■ Task details
For every line below, restate it exactly and drop the images.

■ Source records
++++++++

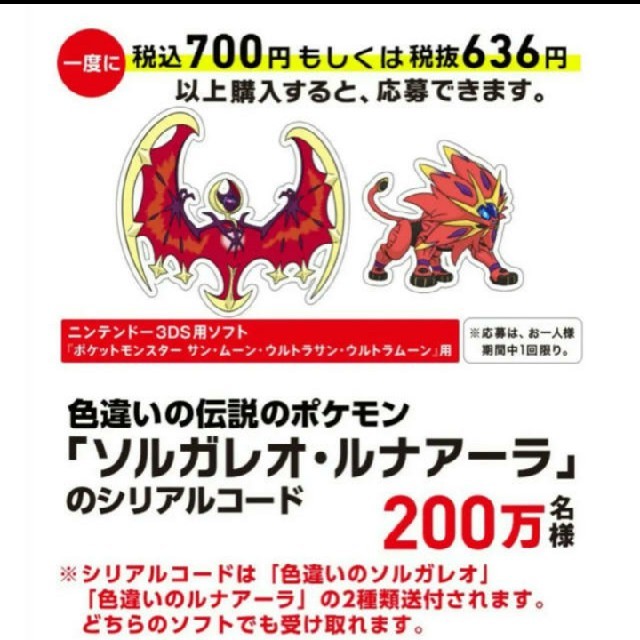 ポケモン 色違いの伝説のポケモン シリアルコード 2体分の通販 By かに S Shop ポケモンならラクマ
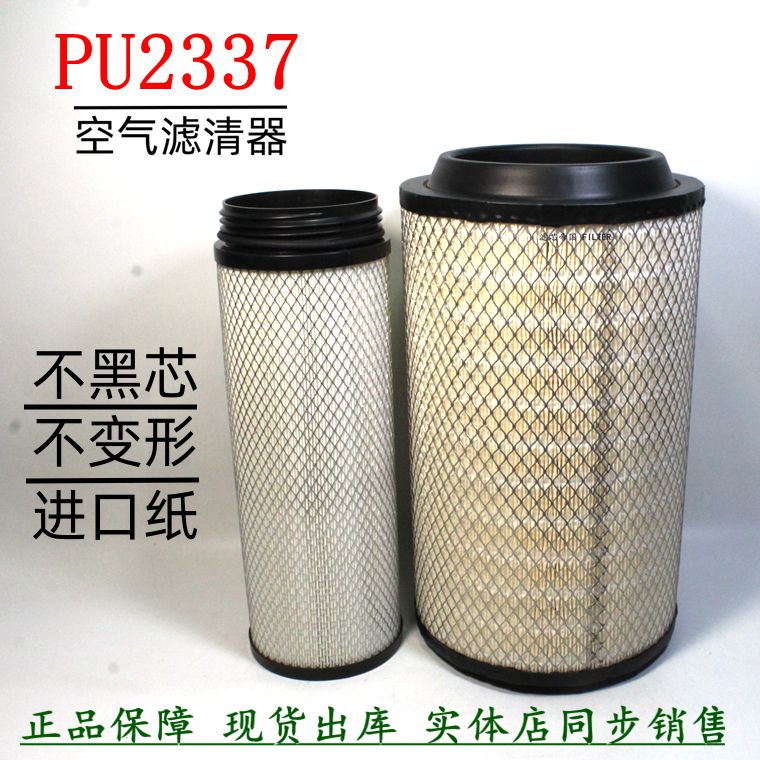 2337PU空气滤清器格1109070-40A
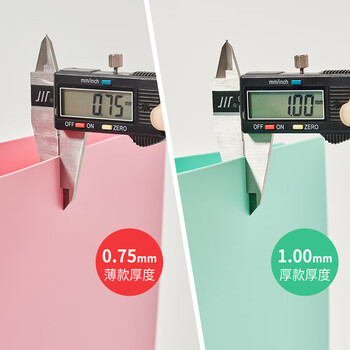 牧野MAKINO2孔D型夹PP文件夹活页打孔文件夹学生资料夹办公商务用品文件收纳报告夹 200张收纳薄款黄色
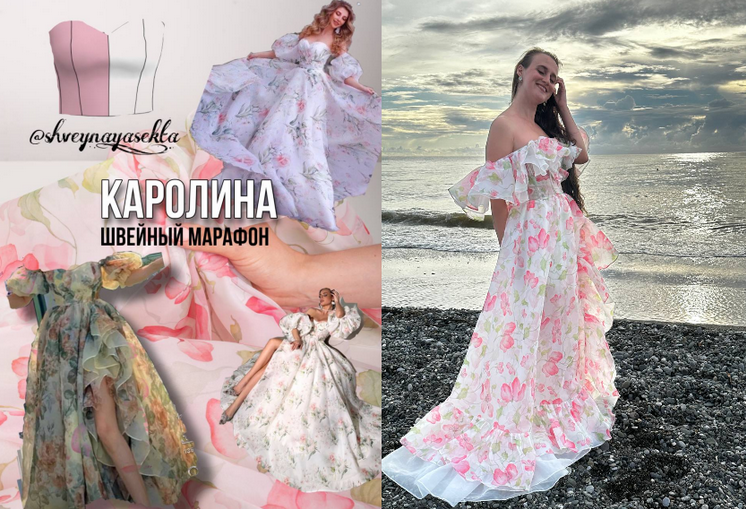 [Наталья Рассказова] [Шитье] Платье Каролина [Shve_0.png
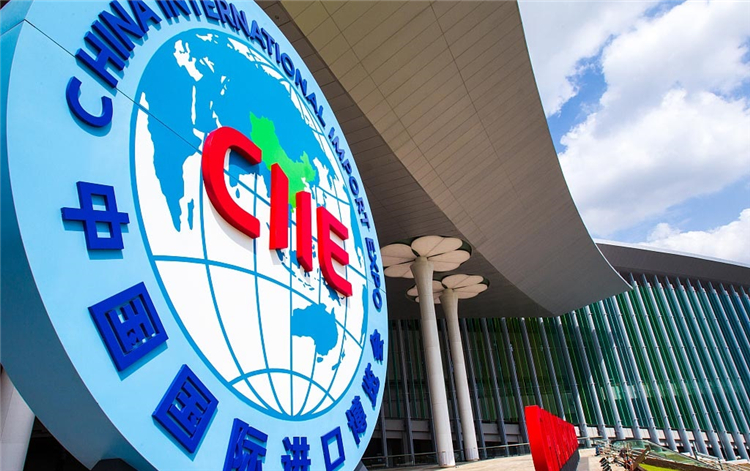 第二届中国国际进口博览会展览面积将超首届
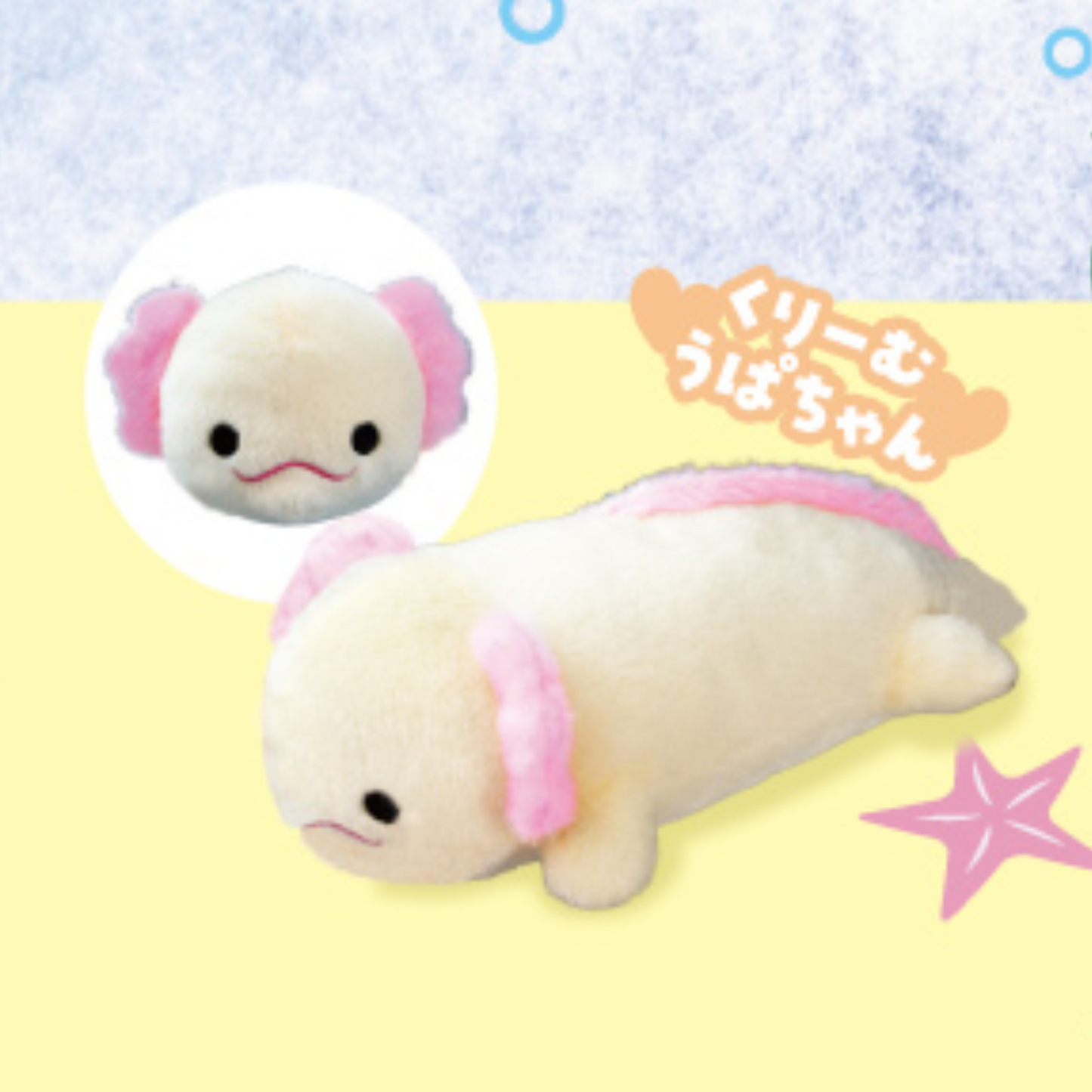 NEW! POPULAR Axolotl Squeaky Plush - Pukyu Pukyu Salamander Friend 22 cm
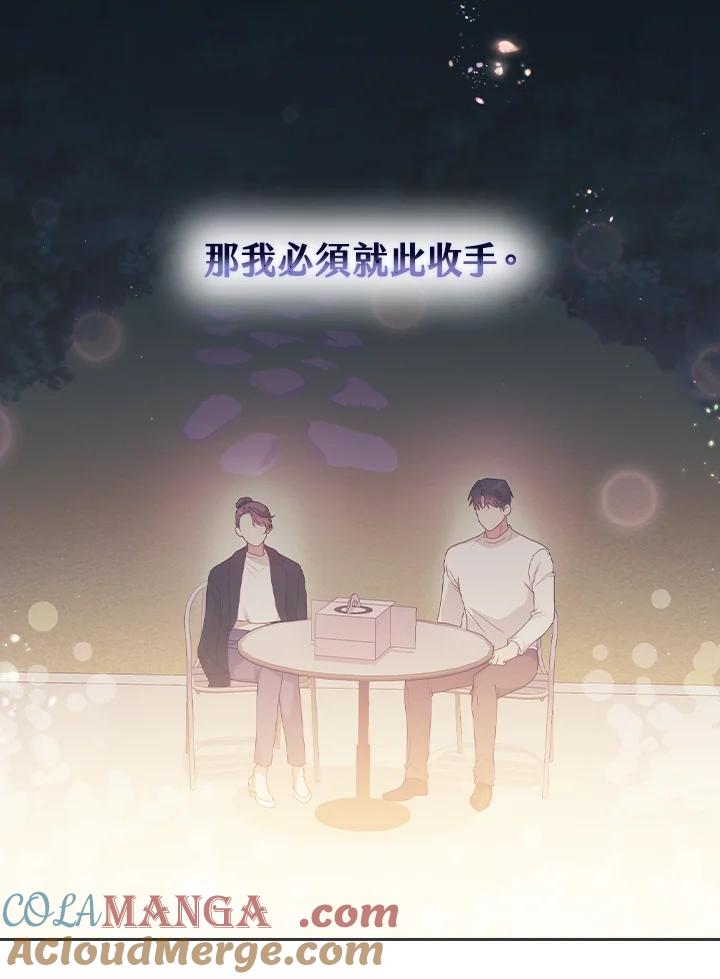 《高傲的婚姻》第12话 第53页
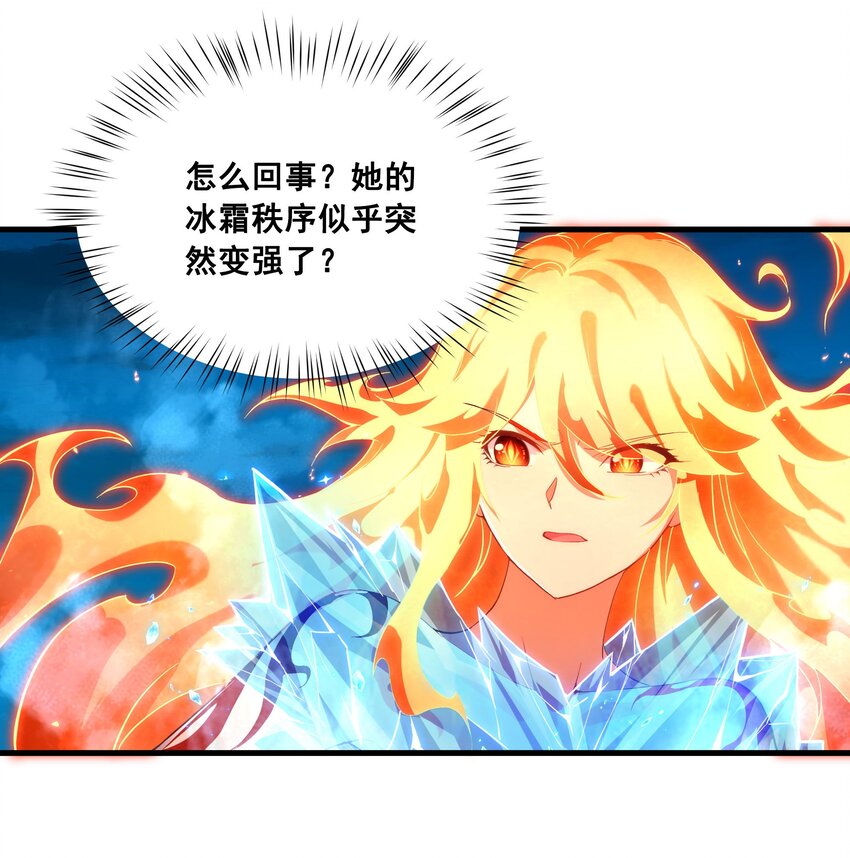 第51话 奄奄一息39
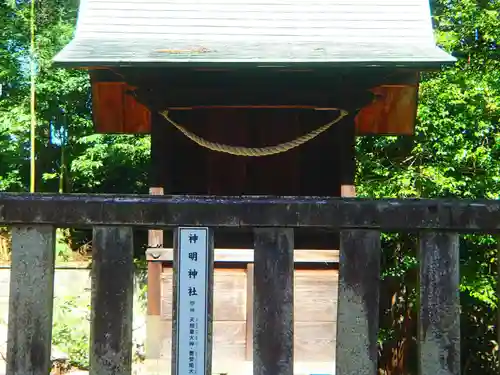 武並神社の末社・摂社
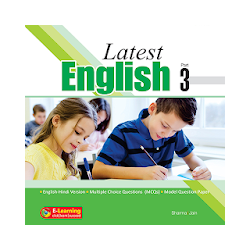 SSB Capital Latest English 3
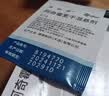 【原研药】希舒美 阿奇霉素干混悬剂 0.1g*6袋/盒 实拍图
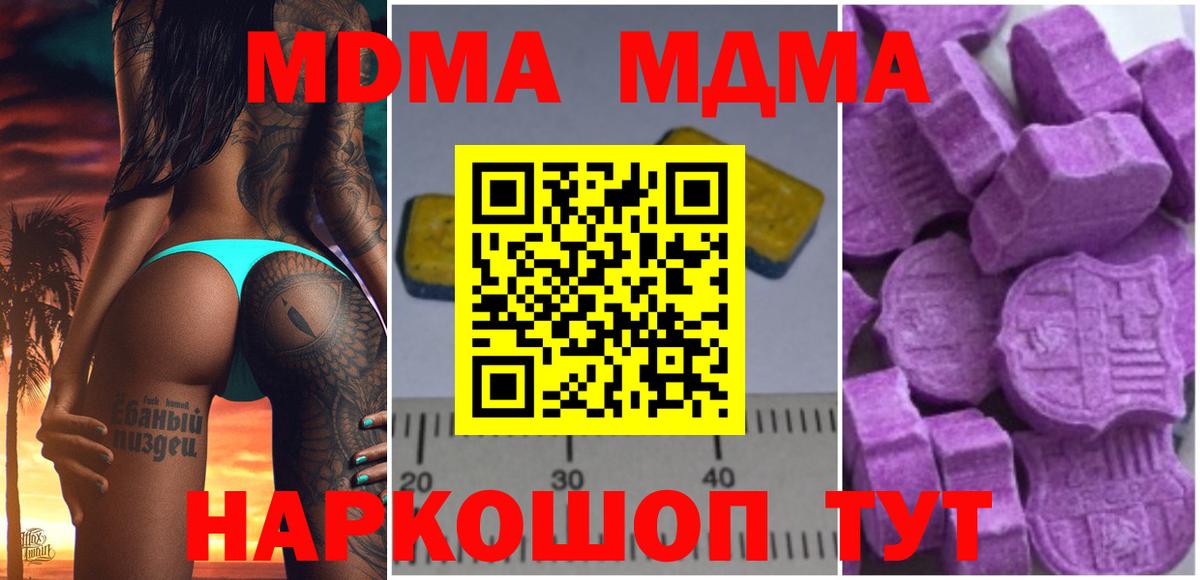 MDMA кристаллы  МДМА  МДМА молли  Бузулук  Вход с VPN 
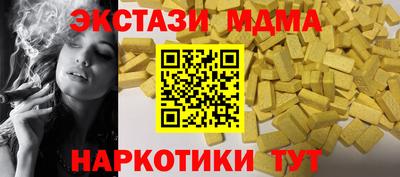 гашиш Мариинск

++++++++

■ Output of the task
 ポケモン 色違いの伝説のポケモン シリアルコード 2体分の通販 By かに S Shop ポケモンならラクマ
 2337PU空气滤清器格1109070-40A
 牧野MAKINO2孔D型夹PP文件夹活页打孔文件夹学生资料夹办公商务用品文件收纳报告夹 200张收纳薄款黄色
 [Наталья Рассказова] [Шитье] Платье Каролина [Shve_0.png
 第二届中国国际进口博览会展览面积将超首届
 NEW! POPULAR Axolotl Squeaky Plush - Pukyu Pukyu Salamander Friend 22 cm
 《高傲的婚姻》第12话 第53页
 第51话 奄奄一息39
 武並神社の末社・摂社
 SSB Capital Latest English 3
 【原研药】希舒美 阿奇霉素干混悬剂 0.1g*6袋/盒 实拍图
 MDMA кристаллы  МДМА  МДМА молли  Бузулук  Вход с VPN 
 гашиш Мариинск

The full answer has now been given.